Há alguns dias, o noticiário noturno do Canal 1 da Rússia mostrou o que parecia ser fãs adoradores de Putin cumprimentando o presidente como se ele fosse uma estrela pop.
“Cuide-se”, gritou uma mulher, antes de beijá-lo.
“Longa vida!” Gritou um homem.
Se você confiasse apenas no Canal 1 para notícias, provavelmente concluiria que Vladimir Putin está pronto para uma vitória esmagadora na eleição presidencial.
Mas, assim como com as pinturas, o contexto é importante.
E o contexto aqui é crucial.
O Kremlin não apenas controla a televisão na Rússia, mas também gerencia todo o sistema político, incluindo as eleições.

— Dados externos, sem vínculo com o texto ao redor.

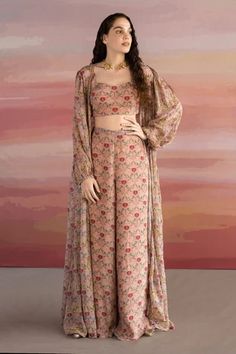 Shop for Ease Brown Crepe Printed Jacket And Palazzo Set for Women Online at Aza Fashions Indian Fusion Outfits, Floral Print Dress Outfit, Fusion Outfits, Palazzo Dress, Brown Embroidery, Brown Floral Print, Traditional Indian Dress, Bollywood Outfits, Printed Jacket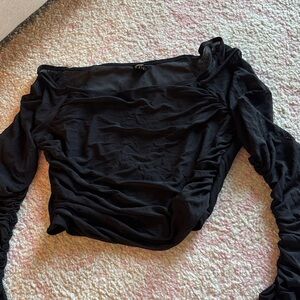 SHEIN Black Ruched Long Sleeve Blouse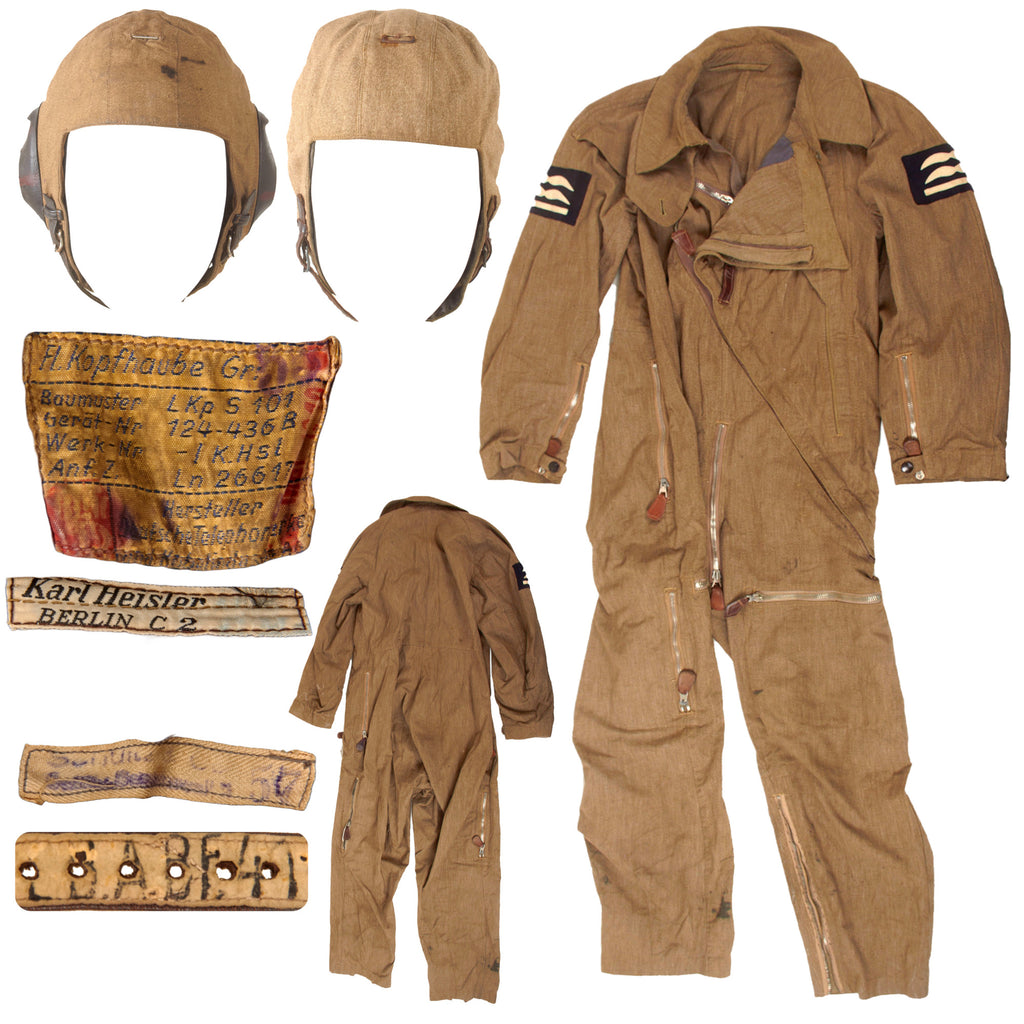 Original German WWII Luftwaffe Oberleutnant’s Summer Flying Suit by Ernst Rihm of Berlin & Two Flight Helmets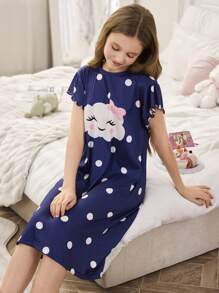 SHEIN Camisón de manga corta suave, azul, cómodo y bonito con estampado de nubes y lunares, para niñas - Azul - Ver 4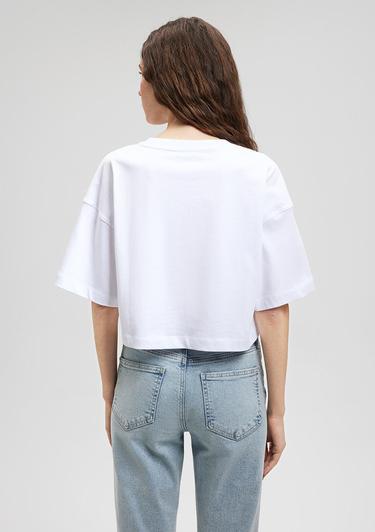  Mavi Beyaz Basic Crop Tişört Crop / Kısa Kesim 1612377-620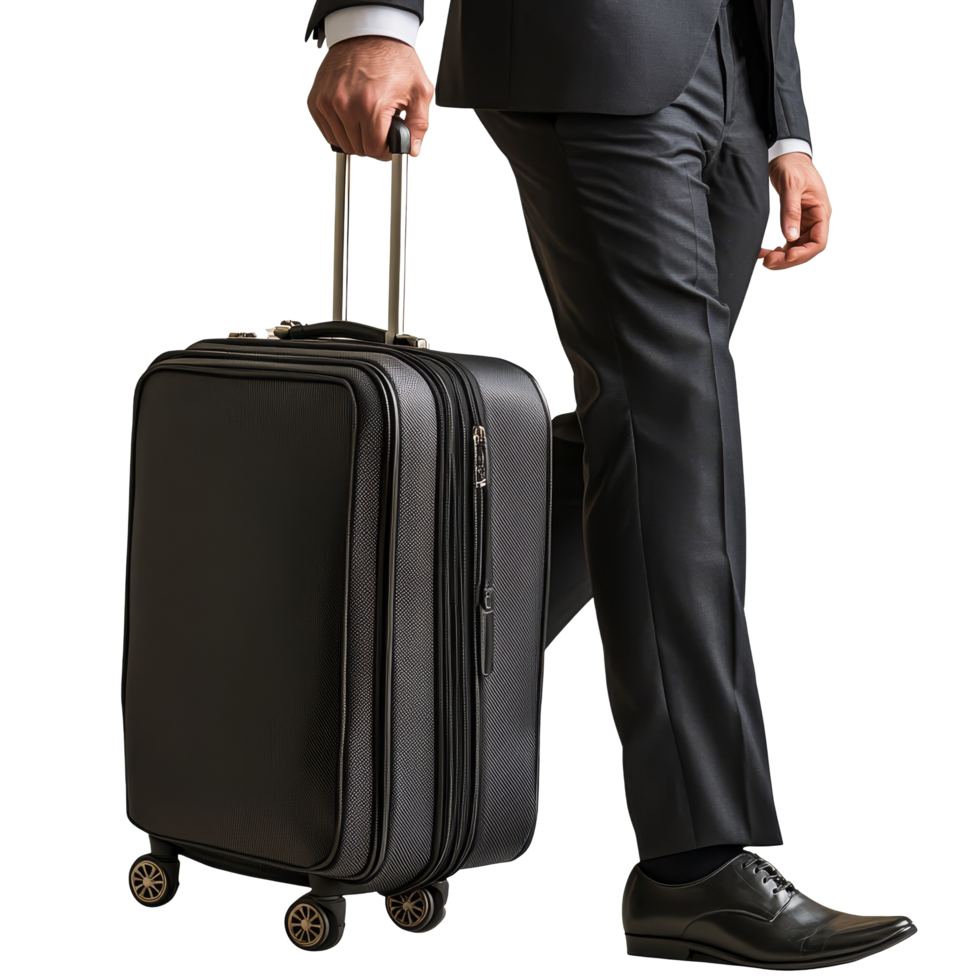 Businessman in a suit traveling with a suitcase at an airport terminal during the daytime, file no background Businessman traveling with a trolley bag png
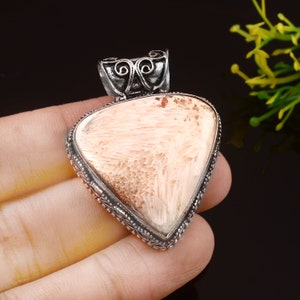 Natural Pink Scolecite Gemstone Pendant, 925 Sterling Silver Pendant, Handmade Necklace Pendant, Beautiful Stone Pendant, Scolecite Jewelry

O presidente Putin não enfrenta nenhum desafio sério enquanto busca um quinto mandato. Seus críticos mais vocais fugiram para o exílio ou foram presos em casa. Navalny, seu oponente mais feroz, está morto.
Mas o Kremlin gosta de se gabar de que a Rússia tem a “melhor democracia” do mundo. Assim, aparecem com Putin na cédula de votação, oficialmente autorizados, três concorrentes do parlamento amigável ao Kremlin.
Eu encontrei com um deles recentemente. E foi uma experiência estranha.
“Por que você acha que seria um presidente melhor do que Putin?” Perguntei a Nikolai Kharitonov, o candidato do Partido Comunista.
“Não cabe a mim dizer”, respondeu Kharitonov. “Isso não seria certo.”
“Mas você acha que seu manifesto é melhor do que o de Putin?” continuei.
“Os eleitores é que devem decidir.”
“Mas o que você acha?”
“Não importa o que eu penso. Cabe aos eleitores.”
Em vez de elogiar a si próprio, Kharitonov elogiou o atual presidente.
“Hoje, Vladimir Putin tenta resolver muitos dos problemas da década de 1990, quando Yeltsin arrastou a Rússia para o capitalismo selvagem”, disse Kharitonov. “Ele está tentando consolidar a nação para a vitória em todas as áreas. E isso vai acontecer!”
Algo me diz que o coração de Nikolai Kharitonov não está nessa corrida.
Um político que tentou e não conseguiu entrar na cédula foi o político antiguerra Boris Nadezhdin.
“É absolutamente impossível dizer que as nossas eleições presidenciais são justas e livres”, me diz Nadezhdin. Ele afirma que foi impedido de concorrer porque sua mensagem antiguerra estava se tornando muito popular.
“As pesquisas mostram que cerca de 30-35% das pessoas na Rússia queriam votar em um candidato, como eu, que fala sobre paz. É um resultado absolutamente impossível para o nosso governo.”
A imagem nas ruas
De volta a Borovsk, aprecio a vista da ponte sobre o rio Protva.
A partir daqui, a cidade parece uma pintura: uma foto da Rússia que eu poderia imaginar pendurada no Hermitage. Em cima de uma colina há uma bela igreja, com casas pitorescas logo abaixo, cobertas de neve. Empacotadas em casacos quentes, as pessoas caminham cuidadosamente por caminhos congelados.
Eu também caminho com cuidado em direção à cidade para avaliar o clima. Nas ruas de Borovsk, o que as pessoas pensam sobre a guerra, a eleição e seu presidente?
“Não importa como você vote, tudo já está decidido”, me diz uma jovem chamada Svetlana. “Eu não vejo nenhum sentido em participar.”
Mas muitos aqui, especialmente os russos mais velhos, me dizem que vão votar. À medida que falo com as pessoas, fica claro que a Rússia vista na TV tem muitos apoiadores.
“Espero que Vladimir Putin vença a eleição e que isso acabe com a guerra”, me diz Lyudmila. “Muitos homens jovens foram mortos. Quando houver paz, muitos países finalmente entenderão que a Rússia é imbatível.”
“Por que você quer que Putin ganhe?” Eu pergunto. “Afinal, ele é o homem que iniciou a Operação Militar Especial.”
“Há muitas opiniões”, admite Lyudmila. “Alguns dizem que essa guerra nunca deveria ter começado. Alguns dizem que ele estava certo. Eu não vou julgá-lo agora. Não conhecemos todos os detalhes políticos.”
“Putin está no poder há quase um quarto de século”, digo. “Em um país de 145 milhões de pessoas, não há mais ninguém que possa fazer seu trabalho?”
“Ah, não, temos muitos líderes talentosos que poderiam, em uma emergência, governar o país”, responde Lyudmila.
Nikolai também votará no atual presidente, aparentemente indiferente ao fato de Putin estar há duas décadas e meia no poder.
“E aí? Tivemos czares que governaram por muito tempo”, diz Nikolai. “Havia bons czares e maus. Tivemos Stalin e Brezhnev. Você pode mudar um líder, mas isso faz pouca diferença em nossas vidas.”